Итак, дано: таксисты ёжатся от страха в машинах у вокзала. Не выключая двигатели и подняв стёкла, чтобы сразу уехать.
Но уже через предложение мы узнаём, что, оказывается, не все таксисты сидели в машинах, некоторые оставляли «таксомотор» на площади. Такая неряшливость простительна в середине увлекательного текста, но в начале она заставляет поморщиться и чтение прекратить.
И сразу бросается в глаза нелепость выбранного стиля: если уж писать о шахтерском крае с его суровыми обычаями, то не такими сложносуставчатыми предложениями. К тому же, автор не очень в ладах с языком. «Тех, кто беспечно оставляли… сами шли» звучит нескладно. 
Отсутствие чувства языка ощущается с первого предложения. Определённо, главной книгой, по которой учился писать автор, было «Бурение скважин с целью разведки и поиска полезных ископаемых».
«В день шахтёра в Инте били таксистов». Короткая рубленая фраза… герои книги – шахтеры и буровики, такой стиль, очевидно, и требуется. Тем более, Евгений Водолазкин так и аттестовал: «Жизнь норовит распасться на части, а Орлов ее сшивает»… Герои романа – прямолинейные, честные мужики, совершенно не вписывающиеся в современную парадигму успешного человека».
Но короткое предложение сразу же норовит распасться на части из-за двух «в». 
А потом дело ещё хуже становится:
«Их забирали с перрона, клали ладони на плечи и с обеих сторон сжимали мускулистыми пальцами засунутые в карманы руки». 
Признаюсь, над этой фразой я крепко задумался, пытаясь представить длину и гибкость мускулистых пальцев, способных сжать руки с обеих сторон из исходного положения «ладони на плечах». Таксисты ли сунули себе руки в карманы и были коварно схвачены врасплох, или это такой шахтерский залом особый – уж и не стал разбираться, тут сам чорт не разберет у Орлова, кто кому чего куда сунул, да где и как сжал... Ведь дальше автор окончательно вязнет в долгих нескончаемых коленцах с подвывертами:

«Их вели за здание вокзала, на заплёванный и зассанный пятачок в зарослях каких-то кустов и там молча проводили краткую красивую расправу, лупя по шее, отрывая рукава у кожаных курток, и вороты крепкой фланели клетчатых пакистанских рубах».

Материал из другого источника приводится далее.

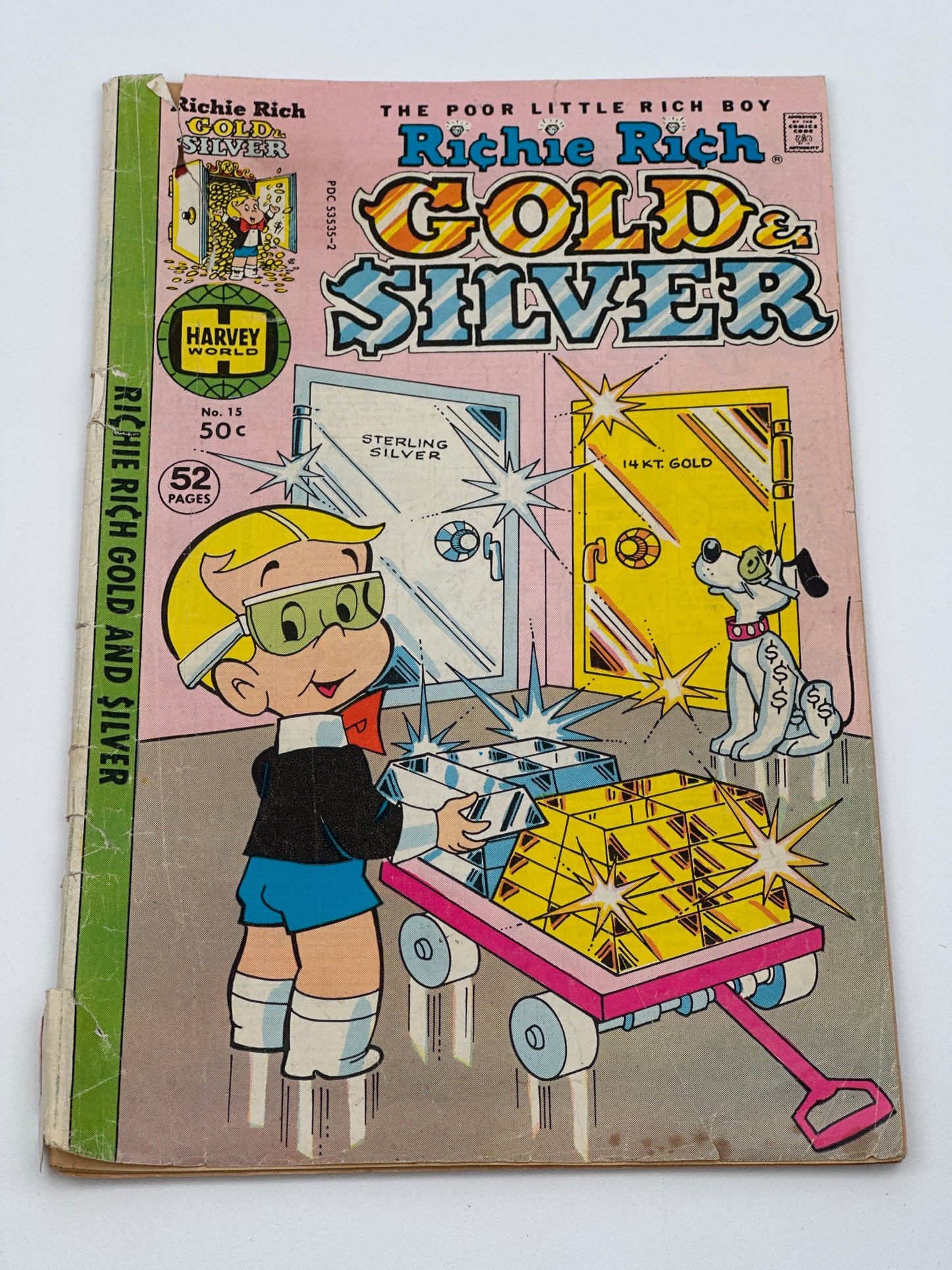Richie Rich Gold & Silver #15 (Cover Detached) GD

Уже угадывается фирменный орловский стиль – одно прилагательное хорошо, но парочка-тройка получше будет! Наверняка это дело все тех же голосов в голове автора, внушающих ему: ты велик, не будь простым и понятным, усложняй, укрупняй, затягивай... Просто преступная халатность была со стороны автора так обойтись с кустами, обозвав их всего лишь «какими-то». Впрочем, и это сгодится – ведь просто написать «заросли кустов» может показаться недостаточно трудолюбивым. Зато на пятачке, расправе и особенно таксёрском прикиде автор оторвался сполна, да так, что чувствуется его любовь и к традициям литературы 19 века в описании костюмов персонажей и ностальгия по пакистанскому трикотажу. 
Мне так и видится эта картина: вот написал автор «... отрывая рукава курток и вороты рубах». Глянул на монитор, задумчиво побеспокоил дланью бородку, вздохнул и решил, что так негоже – нет картинки. Добавил «у кожаных». И все бы хорошо, да что-то нехорошо. Ага! «...отрывая рукава у кожаных курток и вороты пакистанских рубах». Вот, теперь-то детали дают и картинку, и о зажиточности таксистов кой-чего сообщают. Разглаживает автор с победным видом усы, щурится на экран благодушно... А голоса в голове напевают: уточни, уточни про матерьяльчик-то... Персты авторские послушно выклацывают: «крепкой фланели». Вот теперь – уж точно лепота и годнота: коль кожу помянул у курток, будь любезен и про фланель сказать. Ай да Даня, ай да... А голоса не унимаются: ну хоть расцветочку укажи, иль узорчик, это важно, классики лет двести назад любили, и ты стремись! Автор добавляет «клетчатых» и, довольно каркая, дергает себя от счастья за бородку... 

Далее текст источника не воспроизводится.